After years of U.S. government grants and research, the field of kelp cultivation is approaching a stage of maturity where it is beginning to attract more producers in certain regions as well as capture investors’ attention.
Kelp, which is the biggest subgroup of seaweed found in saltwater, is not categorized as a plant or an animal and is offering potentially higher nutritional value as a meat substitute than a plant-derived product. It’s also a promising alternative to fossil fuels.
Moscow-born professor Sergey Nuzhdin, who has been a professor in the biology department at the University of Southern California since 2007, set up a kelp working group in July 2021 with the goal of connecting researchers at different institutions as well as non-profits. He believed that forming a more cohesive group would make them better equipped for addressing a range of challenges and attracting funding.
“For investors it might be scary to invest into farming or stock development because they will have questions on how to permit your farm, how to monitor it, how you make sure that it is set up for production requested by the refinery industry,” he explains. “When it is fragmented, not consolidated, it’s more difficult to move forward.”
So he started to run monthly ‘kelp cluster’ events, planning to host the eighth event at the end of February. Over 50 people attend each event, including foundations and investors, he noted.
Along with researchers becoming more proactive about engaging investors, the nonprofits and government agencies are also becoming more interested in exploring commercialization of kelp for both biofuels and food production.
There are some signs of progress. The National Oceanic and Atmospheric Administration (NOAA) recently identified offshore aquaculture opportunity zones in the Gulf of Mexico and Southern California that could be used for offshore aquaculture production.
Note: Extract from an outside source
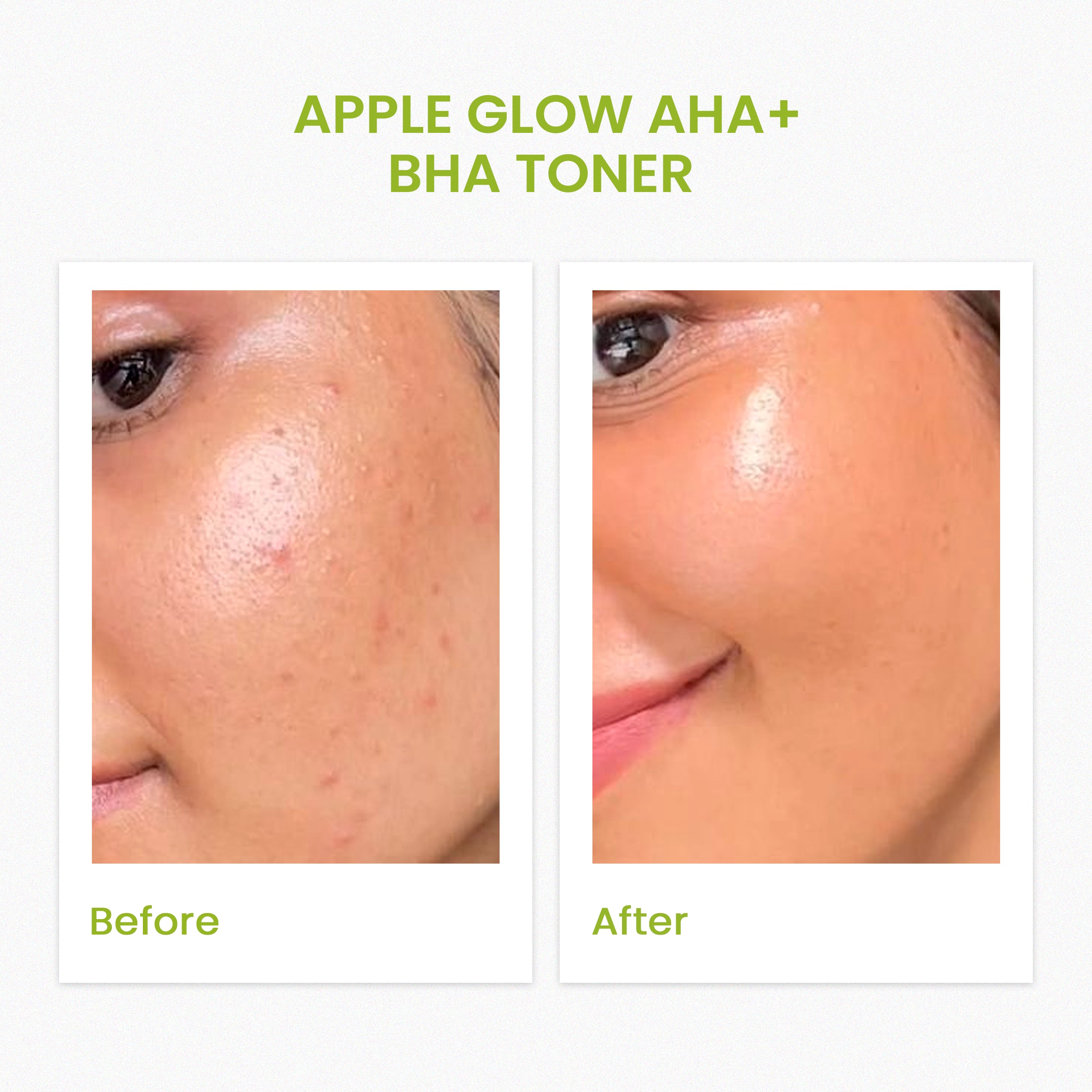 Apple Glow AHA+BHA Toner (120ML)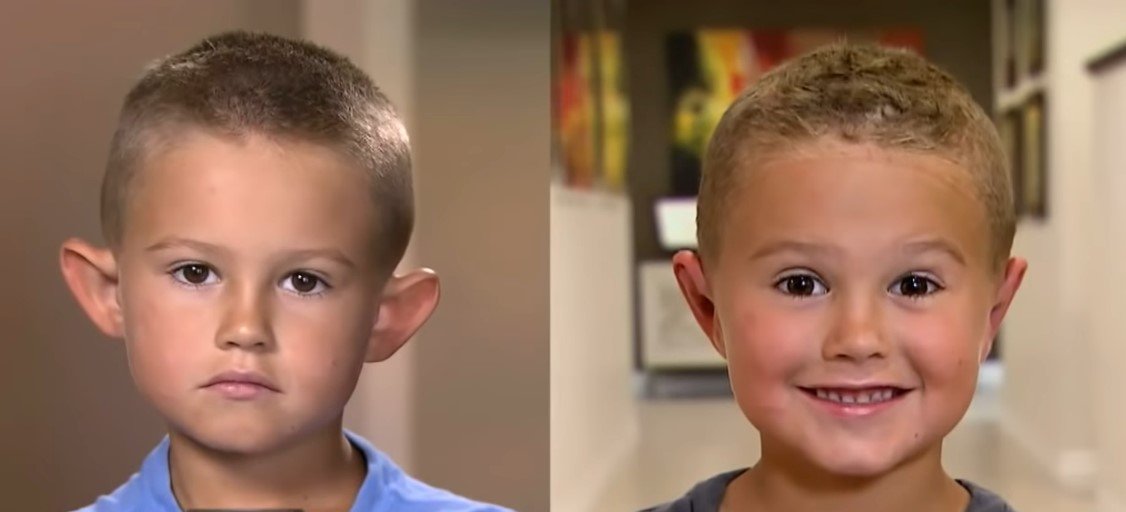 Gage Berger, de seis años, antes y después de la cirugía. | Foto: Youtube/Inside Edition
“I think that we will start to see a very big scale-up over the next two to three years, and kelp farming will be the first permitted mariculture activity on a large scale,” Nuzhdin says. “Five years ago, it was a little bit of a dream and now it is coming through.”
Renewed government interest in kelp is certainly one big factor working in researchers’ favor.
“In the 1980s, the American government established the Gas Institute and a program on cultivation and domestication of algae, during the Caribbean crisis,” Nuzhdin recalls. “But then when prices of gas went dramatically down, they discontinued it. Now they recalled [this] expertise and refocused attention on macroalgae.”
For the U.S. government agencies, the primary interest is kelp use for biofuels and bioplastics production, even though globally most kelps are cultivated for food purposes.
ARPA-E, which is a branch of the Department of Energy, has been proactive in investing in farm design, monitoring of farms, understanding where the nutrients are located, and how kelps are grown in order to produce biofuel crops.
“With a total investment of $70 million, they tried to create a whole ecosystem of different researchers gaining expertise in different components of farming, production, permitting and monitoring,” Nuzhdin says.
Nuzhdin’s research lab receives funding primarily from ARPA-E as well as NOAA and other resources. They’ve received a total of $6 million in total funding over the last two years and are due to receive another two million through 2024.
With this funding and backing from other donors and foundations such as Ocean Protection Council, NSF, USDA and USC, the team was able to produce prototypes of sporeless kelps that are not able to reproduce.
The idea is to later sell these seeds to farmers.
“Permitting agencies can permit cultivation of those seeds, but farmers will have to keep on buying them from us because there will be no permits for large farms that will be associated with reproductive kelps, I am reasonably certain,” Nuzhdin says. “The farmers will benefit from a higher profit margin, exactly like they do in agriculture.”
Some states have been more successful than others in fostering a favorable ecosystem for seaweed and mariculture farming.
Alaska, for example, has seen a sharp increase in kelp farm applications in recent years due to coordinated efforts of non-profit organizations and government agencies as well as the state population’s high receptivity and participation rates in the seafood industry.
“In Alaska and the North East, the kelp farms are growing explosively,” Nuzhdin notes. “It will be exactly the same in California when the regulatory environment becomes more permissive.”
Julie Decker, Executive Director at Alaska Fisheries Development Foundation, says their state saw a big jump from having its first harvest of seaweed off a kelp farm five years ago totalling around 15,000 pounds to over 400,000 pounds produced last year.
“And this year, it’s likely going to be in the five to 600,000 pounds range,” she notes.
With many new players now entering the field, Nuzhdin says his team has enjoyed “multimillion support to learn how to do it right,” which allowed them a head start of four to five years.
“My position is very clear: I’m a breeder, I’m a genomicist. I’m producing better crops,” he says. “So when those kelp farms are ready in two to three years, I will be ready with my seeds.”